Don't worry, we make up for that by having very few refugees. Our policy on that is one of the tightest in the world. Sure, we are #11 on the list of # of refugees, but bottom half of the list when you look at refugees per resident. https://en.wikipedia.org/wiki/...
And the laws aren't nearly as permissive as you state, or we'd have the millions of illegals be millions of immigrants. There's a difference. You can't have it both ways. If we are so permissive, why are there so many millions that are "illegal"?
And I use "immigration" loosely. We should have 5 million migrant worker visas to pass out to Mexicans and others who want to work seasonal labor in the US. Often they would rather work a season, then go to Mexico until the next season, but they can't because crossing the border is too hard.
So our unwillingness to issue visas causes illegal immigration that would otherwise be a temporary work trip.
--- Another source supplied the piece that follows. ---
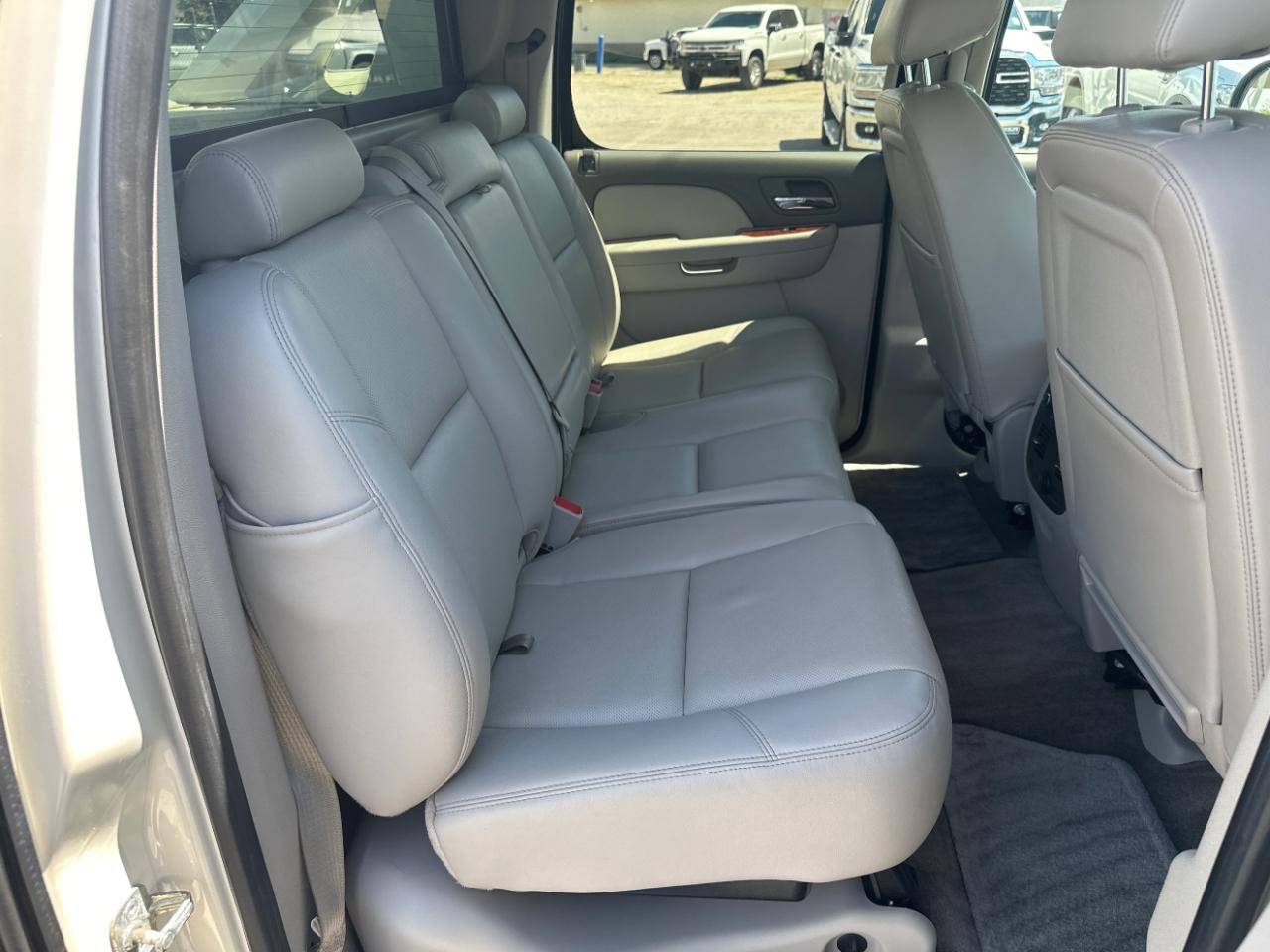 Chevrolet Avalanche 4WD Crew Cab LTZ 2013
The current political climate refuses to recognize the difference between immigrant and non-immigrant visas. Someone with an H1-B can't live in the US indefinitely. So it's not a "immigration" issue. It's a work-visa issue.
And plenty of places around the world have work visas for high-demand jobs. They just have those jobs generally listed as skilled jobs. In the US, our work demand is mostly for unskilled labor. So our rules are no better. Our standards no higher. It's just the jobs we need the most help with are "lower".